Translations of Western poetry led to the creation of new Japanese literary forms. The pioneer collection Shintaishi-shō (1882; “Selection of Poems in the New Style”) contained not only translations from English but also five original poems by the translators in the poetic genres of the foreign examples. The translators declared that although European poetry had greater variety than Japanese poetry—some poems are rhymed, others unrhymed, some are extremely long, others abrupt—it was invariably written in the language of ordinary speech. An insistence on modern language and the availability of many different poetic forms were not the only lessons offered by European poetry. The translators also made the Japanese public aware of how much of human experience had never been treated in the tanka or haiku forms.
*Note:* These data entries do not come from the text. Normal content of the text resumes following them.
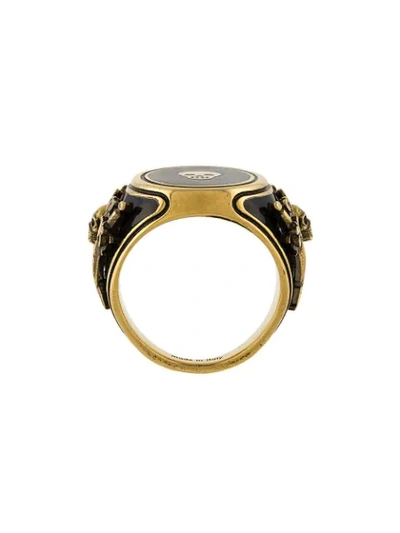 Alexander Mcqueen Gold Enamel Signet Ring In Gold & Black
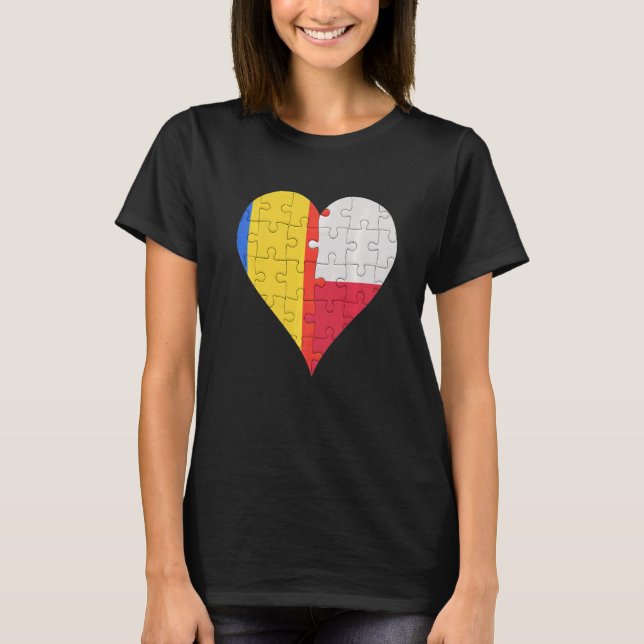 Romanian Polish Flag Heart   T-Shirt (Front)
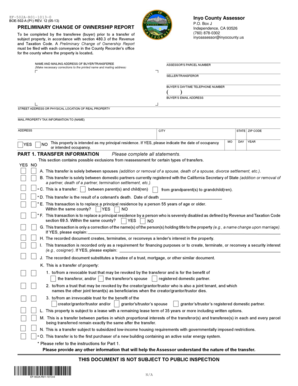California Preliminary Change of Ownership Report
Innumerable Western critics have sarcastically commented on the Japanese proclivity for imitating foreign literary models and on their alleged indifference to their own traditions. It is true that without Russian examples Futabatei could not have written Ukigumo, and without English examples such poets as Shimazaki Tōson could not have created modern Japanese poetry. But far from recklessly abandoning their literary heritage, most writers were at great pains to acquaint themselves with their traditional literature. The outstanding novelists of the 1890s—Ozaki Kōyō, Kōda Rohan, Higuchi Ichiyō, and Izumi Kyōka—all read Saikaku and were noticeably influenced by him. Ichiyō’s short novel Takekurabe (1895; Growing Up) described the children of the Yoshiwara quarter of Edo in a realistic manner quite unlike that of the usual stories about prostitutes and their customers, but she used the language of Saikaku for her narration. Kyōka, though educated partly at a Western mission school, wrote superbly in the vein of late Tokugawa fiction; something of the distant Japanese literary past pervaded even his writings of the 1930s, the final years of his life.
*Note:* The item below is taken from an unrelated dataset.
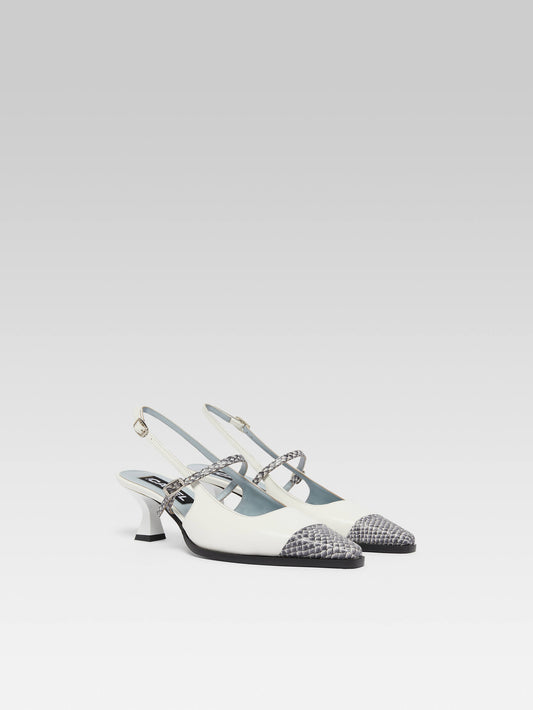 Cecile - Ivory leather and grey print slingback pumps - Image number 2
In poetry, too, the first products of Western influence were comically inept experiments with rhyme and with such unpromising subjects as the principles of sociology. Tōson’s “Akikaze no uta” (1896; “Song of the Autumn Wind”), however, is not merely a skillful echo of Percy Bysshe Shelley but a true picture of a Japanese landscape; the irregular lines of his poem tend to fall into the traditional pattern of five and seven syllables.

A decade after the works of English Romantic poets such as Shelley and William Wordsworth had influenced Japanese poetry, the translations made by Ueda Bin of the French Parnassian and Symbolist poets made an even more powerful impression. Ueda wrote, “The function of symbols is to help create in the reader an emotional state similar to that in the poet’s mind; symbols do not necessarily communicate the same conception to everyone.” This view was borrowed from the West, but it accorded perfectly with the qualities of the tanka.

Because of the ambiguities of traditional Japanese poetic expression, it was natural for a given poem to produce different effects on different readers; the important thing, as in Symbolist poetry, was to communicate the poet’s mood. If the Japanese poets of the early 1900s had been urged to avoid contamination by foreign ideas, they would have declared that this was contrary to the spirit of an enlightened age. But when informed that eminent foreign poets preferred ambiguity to clarity, the Japanese responded with double enthusiasm.